If you’ve ever taken a look at the enormous pile of streaming services out there and wondered how you’d ever manage to watch all of that, you are not alone. So perhaps instead you’ve decided to tackle the biggest pile first. A good plan, but even here, where do you begin? It turns out that you’re not going to start with Netflix. Or Hulu. Or even Disney+. No, you’re going to be starting with a very unlikely candidate: Tubi.

Data from JustWatch reveals that Tubi is the leader when it comes to total number of streaming titles. By a staggeringly wide margin, too; the study found Tubi boasts over 29,400 titles to its credit. (We should note Tubi itself claims over 35,000 titles.) The next-closest competitor is again not one of the major for-pay services. It’s Roku Channel, coming in with nearly 10,300 titles. (Roku themselves report over 80,000 titles, so we’re unclear about the discrepancy - it could be the difference between counting “titles” and “episodes.”)

Amazon Prime Video places third with 7,972 titles. Pluto TV comes in fourth with 7,749 titles, followed by Netflix at 5,726. Disney+ actually ranks 11th in overall scope of titles available, coming in at the bottom of the study’s list behind Paramount+, HBO Max, Hulu, Discovery+, and even Peacock. Disney+ has just over 1,343 titles to its credit.

Some of the reasoning here shouldn’t come as much of a surprise. The major networks are actually owners of each of these services. Tubi, for example, is a FOX property. Likewise, Hulu and Disney+ are Disney creations. Pluto TV and Paramount+ are both connected to CBS. Peacock is an NBC matter.
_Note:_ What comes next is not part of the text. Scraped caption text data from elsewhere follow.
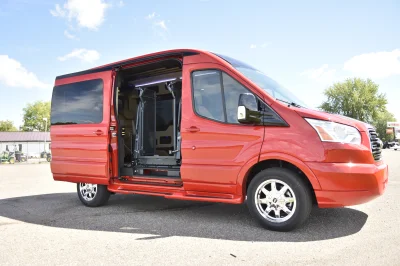 CUSTOM 130 MEDIUM ROOF CONVERSION VAN 5 PASSENGER MOBILITY LUXURY VAN BY WALDOCH - 2020 FORD TRANSIT MOBILITY - Image 18 of 29
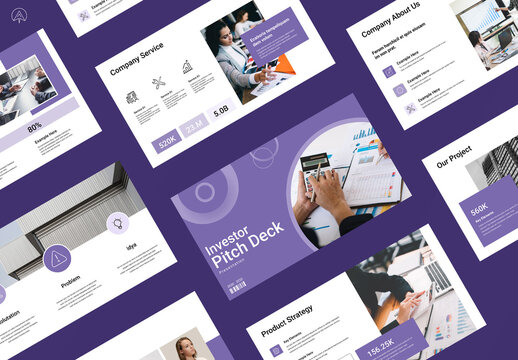 Investor Pitch Deck Presentation Layout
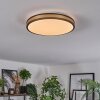 Kirtland Plafondlamp LED Goud, Zwart, 1-licht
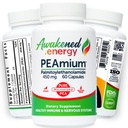 Plamitoylethanolamide 450mg Comfort Mobility Nerves Cognitive & Imuniune Tinggi Diserahkan - All Natural Pea - USA Made - No Addonves or Excipients - 60 Vegan Capsules Suplemen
Not long ago, we saw how CBS moved a substantial quantity of older series to Pluto TV. That gave Pluto TV a substantial shot in the arm as far as total numbers of titles goes. Meanwhile, some platforms turn to licensing and other measures to improve their rosters. Tubi, for example, not only has a good amount of FOX content, but also has some VH1 and A&E content. You’ll find both “Flavor of Love” and “Intervention,” for example. You will also find a cesspool of zero-budget action movies and soft core adult fare with much (but not all) of its nudity removed.

Netflix built its empire on the back of licensed content. But with studios starting to pull those licenses to move the content to their own platforms, Netflix is spending big on original titles to fight back. That’s a move that’s done very well for Netflix; just look at “Squid Game,” the series is expected to generate $900 million despite costing just $21.4 million to make.

Netflix’s ambitions to be the greatest studio in town are well-known by now, and this is part of why. It’s running badly behind in terms of total titles available, so it’s charging a premium for exclusivity. 83 percent of Netflix’s library is only available on Netflix. That’s valuable, but also tough to maintain. Unless Netflix continues with the hits, subscribers may churn elsewhere.

For now, viewers who find their premium libraries stale can go hunting for something new. And with Tubi, Pluto TV, and the Roku Channel all free, those are easy supplements to choose.